Les Strade Bianche, une course à part qui a fait son chemin
Devenue si populaire auprès des coureurs que certains la désignent comme le "sixième Monument" du cyclisme, la course réunit un plateau relevé avec notamment Mathieu van der Poel et Julian Alaphilippe, même si Wout Van Aert et le vainqueur de l'an passé Tadej Pogacar ont fait l'impasse cette année.
"Le plus difficile ? Mais tout est difficile ! Ce ne sont que des montées et des descentes", raconte à l'AFP Fabian Cancellara, trois fois vainqueur (le record) sur la Piazza del Campo, la célèbre place incurvée où se disputent depuis des siècles les courses de chevaux du "Palio". Les succès du Suisse ont ponctué la jeune histoire des Strade Bianche.
Il a gagné la deuxième édition, en 2008, quand on l'appelait encore la "Monte Paschi Eroica". Quand il a récidivé en 2012, elle venait d'adopter son nom actuel, dû aux chemins blancs en terre jalonnant le parcours.

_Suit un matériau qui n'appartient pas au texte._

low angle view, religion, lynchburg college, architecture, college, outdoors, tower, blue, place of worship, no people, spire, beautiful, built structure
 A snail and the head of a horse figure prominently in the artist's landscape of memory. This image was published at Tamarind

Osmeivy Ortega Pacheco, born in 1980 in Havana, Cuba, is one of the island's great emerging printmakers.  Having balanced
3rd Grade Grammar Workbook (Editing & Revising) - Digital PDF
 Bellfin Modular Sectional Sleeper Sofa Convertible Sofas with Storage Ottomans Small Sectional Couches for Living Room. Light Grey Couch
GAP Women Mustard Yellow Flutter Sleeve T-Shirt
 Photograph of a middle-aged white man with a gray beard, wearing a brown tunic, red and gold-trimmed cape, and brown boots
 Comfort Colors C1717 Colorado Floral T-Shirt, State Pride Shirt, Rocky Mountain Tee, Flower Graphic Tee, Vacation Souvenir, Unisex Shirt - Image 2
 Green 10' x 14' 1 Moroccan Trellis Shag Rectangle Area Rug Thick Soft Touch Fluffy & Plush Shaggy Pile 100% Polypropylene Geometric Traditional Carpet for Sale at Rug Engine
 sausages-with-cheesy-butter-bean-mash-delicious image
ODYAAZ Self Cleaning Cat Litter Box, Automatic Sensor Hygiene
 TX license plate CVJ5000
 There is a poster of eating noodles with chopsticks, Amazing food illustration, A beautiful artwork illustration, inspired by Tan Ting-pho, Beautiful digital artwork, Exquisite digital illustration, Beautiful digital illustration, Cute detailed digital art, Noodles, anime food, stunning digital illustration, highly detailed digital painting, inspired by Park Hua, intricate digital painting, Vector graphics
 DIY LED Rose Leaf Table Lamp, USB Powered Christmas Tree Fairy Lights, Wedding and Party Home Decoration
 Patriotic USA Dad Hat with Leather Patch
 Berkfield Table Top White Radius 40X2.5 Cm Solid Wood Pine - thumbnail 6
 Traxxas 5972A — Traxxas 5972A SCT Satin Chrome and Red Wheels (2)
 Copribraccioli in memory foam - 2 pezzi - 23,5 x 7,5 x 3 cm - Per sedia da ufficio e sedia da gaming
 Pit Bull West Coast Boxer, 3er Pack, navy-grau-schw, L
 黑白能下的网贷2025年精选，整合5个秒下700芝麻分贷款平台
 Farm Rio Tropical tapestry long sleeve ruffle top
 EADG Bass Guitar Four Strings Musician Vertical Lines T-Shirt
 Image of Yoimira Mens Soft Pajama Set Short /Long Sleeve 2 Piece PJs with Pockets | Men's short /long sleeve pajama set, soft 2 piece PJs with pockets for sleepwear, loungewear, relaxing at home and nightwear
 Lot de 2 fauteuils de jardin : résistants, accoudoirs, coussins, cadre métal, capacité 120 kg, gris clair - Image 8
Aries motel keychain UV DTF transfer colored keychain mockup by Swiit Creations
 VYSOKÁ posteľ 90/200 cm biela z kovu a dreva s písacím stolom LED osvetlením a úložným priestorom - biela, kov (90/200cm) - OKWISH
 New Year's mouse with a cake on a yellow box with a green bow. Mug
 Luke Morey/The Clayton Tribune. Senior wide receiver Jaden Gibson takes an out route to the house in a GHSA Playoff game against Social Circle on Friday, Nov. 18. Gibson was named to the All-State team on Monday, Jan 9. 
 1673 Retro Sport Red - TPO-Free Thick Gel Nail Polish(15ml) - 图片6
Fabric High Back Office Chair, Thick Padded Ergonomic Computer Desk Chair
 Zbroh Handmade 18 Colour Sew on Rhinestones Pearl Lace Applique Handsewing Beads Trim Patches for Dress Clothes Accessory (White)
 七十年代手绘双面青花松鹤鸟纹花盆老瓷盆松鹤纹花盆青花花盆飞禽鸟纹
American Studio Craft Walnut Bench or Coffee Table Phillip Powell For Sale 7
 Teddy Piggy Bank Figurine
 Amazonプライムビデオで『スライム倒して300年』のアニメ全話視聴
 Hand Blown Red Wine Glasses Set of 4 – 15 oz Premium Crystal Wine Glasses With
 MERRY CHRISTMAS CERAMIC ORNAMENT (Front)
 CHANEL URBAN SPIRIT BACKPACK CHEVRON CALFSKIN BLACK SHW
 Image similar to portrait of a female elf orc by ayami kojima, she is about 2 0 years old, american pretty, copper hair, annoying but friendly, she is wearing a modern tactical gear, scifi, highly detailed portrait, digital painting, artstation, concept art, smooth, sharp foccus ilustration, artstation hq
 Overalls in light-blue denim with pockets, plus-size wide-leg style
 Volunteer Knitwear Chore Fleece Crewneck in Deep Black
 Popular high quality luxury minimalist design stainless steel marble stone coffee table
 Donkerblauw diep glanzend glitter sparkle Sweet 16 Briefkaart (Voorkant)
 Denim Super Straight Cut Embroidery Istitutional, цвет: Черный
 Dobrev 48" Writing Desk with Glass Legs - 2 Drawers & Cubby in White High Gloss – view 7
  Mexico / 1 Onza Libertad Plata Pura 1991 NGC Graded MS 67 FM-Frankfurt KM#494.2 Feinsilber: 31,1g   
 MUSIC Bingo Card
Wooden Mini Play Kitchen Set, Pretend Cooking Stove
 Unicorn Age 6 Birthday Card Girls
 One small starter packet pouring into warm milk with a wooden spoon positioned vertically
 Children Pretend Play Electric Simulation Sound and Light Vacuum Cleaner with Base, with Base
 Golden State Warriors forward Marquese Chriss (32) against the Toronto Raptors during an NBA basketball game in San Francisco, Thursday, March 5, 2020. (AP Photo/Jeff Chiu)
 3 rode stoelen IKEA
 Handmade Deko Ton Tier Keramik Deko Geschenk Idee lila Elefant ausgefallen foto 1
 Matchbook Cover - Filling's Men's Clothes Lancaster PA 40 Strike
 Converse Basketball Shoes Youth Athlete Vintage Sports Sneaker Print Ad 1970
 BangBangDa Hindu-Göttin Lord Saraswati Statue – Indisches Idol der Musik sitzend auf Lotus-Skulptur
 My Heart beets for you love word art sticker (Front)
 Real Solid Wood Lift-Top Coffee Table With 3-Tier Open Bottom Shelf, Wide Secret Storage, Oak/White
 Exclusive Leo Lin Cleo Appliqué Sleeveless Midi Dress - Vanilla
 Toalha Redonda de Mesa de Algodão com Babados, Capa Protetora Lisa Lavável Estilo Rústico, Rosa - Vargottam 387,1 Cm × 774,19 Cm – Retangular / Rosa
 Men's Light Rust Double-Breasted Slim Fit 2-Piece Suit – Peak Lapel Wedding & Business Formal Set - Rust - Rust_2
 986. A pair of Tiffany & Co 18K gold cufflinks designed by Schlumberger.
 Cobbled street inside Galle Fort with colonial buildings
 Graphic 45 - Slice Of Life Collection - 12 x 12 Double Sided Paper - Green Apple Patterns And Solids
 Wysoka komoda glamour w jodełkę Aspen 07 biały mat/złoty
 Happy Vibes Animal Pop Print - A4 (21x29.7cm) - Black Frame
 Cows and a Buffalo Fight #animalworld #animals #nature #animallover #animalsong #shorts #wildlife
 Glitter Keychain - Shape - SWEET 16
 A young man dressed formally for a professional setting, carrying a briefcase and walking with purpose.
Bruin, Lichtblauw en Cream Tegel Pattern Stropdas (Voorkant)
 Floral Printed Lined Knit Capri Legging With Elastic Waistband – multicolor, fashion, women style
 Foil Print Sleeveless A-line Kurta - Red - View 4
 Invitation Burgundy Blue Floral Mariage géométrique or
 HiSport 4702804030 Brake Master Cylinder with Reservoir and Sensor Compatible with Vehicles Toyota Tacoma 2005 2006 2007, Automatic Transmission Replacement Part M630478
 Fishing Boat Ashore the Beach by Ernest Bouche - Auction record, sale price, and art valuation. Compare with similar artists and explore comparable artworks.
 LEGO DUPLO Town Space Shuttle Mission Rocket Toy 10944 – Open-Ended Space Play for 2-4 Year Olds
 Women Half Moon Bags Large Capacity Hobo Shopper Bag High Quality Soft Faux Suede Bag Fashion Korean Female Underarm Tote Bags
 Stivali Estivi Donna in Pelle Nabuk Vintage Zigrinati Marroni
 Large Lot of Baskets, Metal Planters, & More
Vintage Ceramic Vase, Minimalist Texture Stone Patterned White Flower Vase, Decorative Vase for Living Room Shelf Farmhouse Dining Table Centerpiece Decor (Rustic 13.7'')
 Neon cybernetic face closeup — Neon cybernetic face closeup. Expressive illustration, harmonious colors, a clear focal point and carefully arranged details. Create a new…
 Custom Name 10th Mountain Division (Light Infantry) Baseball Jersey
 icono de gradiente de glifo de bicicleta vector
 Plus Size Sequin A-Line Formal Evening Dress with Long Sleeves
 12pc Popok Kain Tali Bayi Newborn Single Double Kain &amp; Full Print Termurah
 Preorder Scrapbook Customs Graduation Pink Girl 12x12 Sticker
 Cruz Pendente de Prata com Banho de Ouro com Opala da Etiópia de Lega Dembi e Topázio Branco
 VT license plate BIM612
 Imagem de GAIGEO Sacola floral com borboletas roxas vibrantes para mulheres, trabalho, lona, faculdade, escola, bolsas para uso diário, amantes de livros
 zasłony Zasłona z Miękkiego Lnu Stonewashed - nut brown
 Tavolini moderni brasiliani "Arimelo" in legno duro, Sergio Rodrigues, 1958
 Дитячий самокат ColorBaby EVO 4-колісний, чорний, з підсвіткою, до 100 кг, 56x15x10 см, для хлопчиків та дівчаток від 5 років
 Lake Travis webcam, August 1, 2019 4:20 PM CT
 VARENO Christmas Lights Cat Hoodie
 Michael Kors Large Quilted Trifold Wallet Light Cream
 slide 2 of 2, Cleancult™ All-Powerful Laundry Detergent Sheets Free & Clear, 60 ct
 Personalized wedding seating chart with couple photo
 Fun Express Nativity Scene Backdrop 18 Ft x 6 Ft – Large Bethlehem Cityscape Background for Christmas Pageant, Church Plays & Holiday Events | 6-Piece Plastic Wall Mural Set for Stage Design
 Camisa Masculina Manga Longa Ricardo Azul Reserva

La dernière, en 2016, est sa "plus belle" car décrochée lors de sa dernière saison comme professionnel.
"Cette course a vraiment quelque chose de particulier", souligne celui qui a su dompter les chemins et les "muri" (côtes) toscans grâce notamment à son passé en cyclo-cross. "Elle est importante, avant les classiques, pour tester ses jambes et son physique", ajoute le Suisse, 41 ans, qui estime que le profil convient à différents types de coureurs. À condition, évidemment, de ne pas être allergique à ces terribles chemins étroits et glissants.
"Cyclisme d'antan"
"Il se crée beaucoup de tensions, dès les premiers kilomètres. Avant chaque section de terre, c'est comme s'il y avait un sprint pour être devant pour éviter les chutes", explique à l'AFP Moreno Moser, seul Italien vainqueur, en 2013.
"Les sections sont si étroites que c'est vraiment une bagarre !", ajoute le jeune retraité de 32 ans. "J'ai toujours fait beaucoup de VTT pendant l'hiver. Cela m'a beaucoup aidé à être en confiance sur les chemins", développe-t-il, même si, en cas de chute devant soi, "il n'y a pas grand-chose à faire".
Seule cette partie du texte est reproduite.